Several (February 09, 2005), Gunscribe had called it a "Broke Bill". This doesn't look good for passage of ANY CCW bill in Nebraska.

However, on April 23, 2005, Gunscribe wrote another article where he asked whether LB454 is "a good law". In answer to the question whether "any bill (permitting CCW) is better than no bill at all", he reiterates his concern, and his outrage that his home state should treat its citizens "like first graders while the rest of the country is already in high school".

Then he finishes the article thus:

Having said all that;

The problem is that there is just not enough interest in CCW by the citizens of Nebraska to pass a good law. That means that a law like this has to be the starting point. Over a period of time, a large part of the population of Nebraska will aquire a license/permit and they will become more interested in the subject.

This interest will make the citizens aware of the differencess (sic) between Nebraska and the other states. Nebraskans, at that point will wake up to the fact that they are under a thumb of oppression not felt in other states. Then and only then will this realization morph into a grassroots effort that it will take to make a silk purse out of the sow's ear that is LB454.

It was with this realization that I, and several other very good people sat before the judiciary committe and testified on behalf of this bill.

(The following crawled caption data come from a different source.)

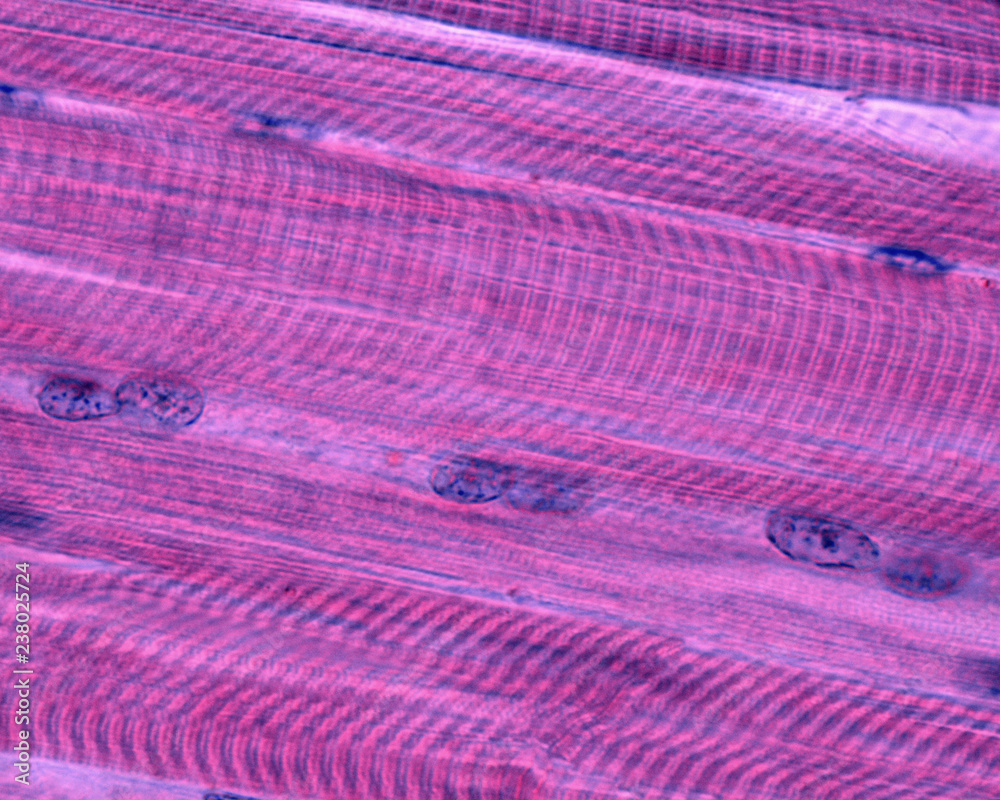 Ταπετσαρία Striated skeletal muscle fibers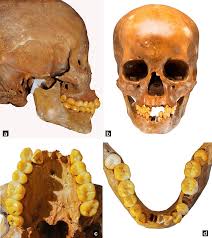 a) Lateral view of the skull. (b) Frontal view of the skull. (c) Upper... | Download Scientific Diagram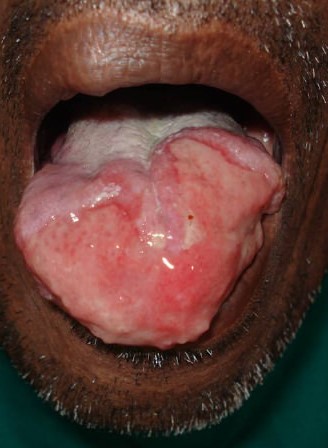 Lesioni alle mucose buccali in una persona affetta da leishmaniosi.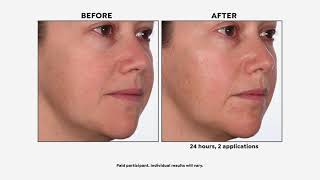 Skinn Cosmetics Divine Elixir Luminous Manuka Oil   Face... screenshot 4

Good law? NO, but it is probably the only way to get the ball rolling in a positive direction.
(Emphasis added)

Since Gunscribe has not only decided NOT to oppose passage, and in fact has actively testified for its passage, the bill may have a good chance of being enacted this year, even admitting that it is flawed.

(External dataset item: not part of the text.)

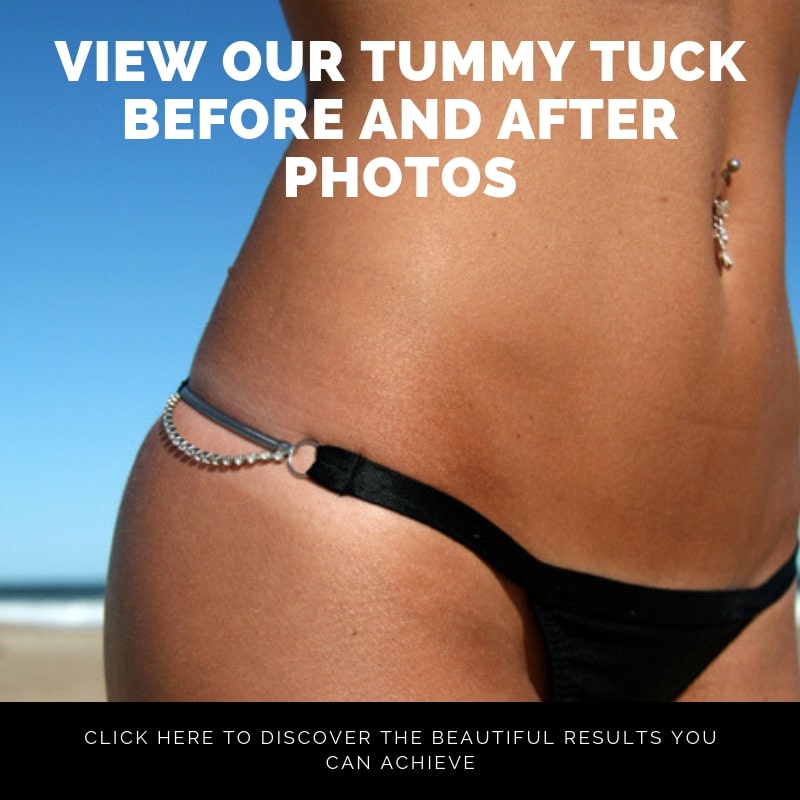 Tummy Tuck Plano TX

In May, he wrote extensively about state-wide opposition to the bill (primary coming from state legislators and the Lincoln Journal Star) , noted that 33 votes are needed to bring cloture and were not yet guaranteed, and that the bill had already, AT THIS EARLY DATE, been tabled for the 2006 legislature. (There were only 14 days left in the session as of the May 12 date of this article.)

I don't know about you, but I'm already confused. I can't keep track of the ball, and I don't know the players. So I decided that, rather than to obfuscate the issue further by trying to follow the action, I would ask the local expert.

I've contacted Gunscribe through his website and asked him to comment on the bill either here or by email to me directly. I hope he will be able to update the situation, and comment on the possibility of the measure being enacted into law, either with or without amendment, in the 2006 session.

When I hear from him, I'll be sure to let you know.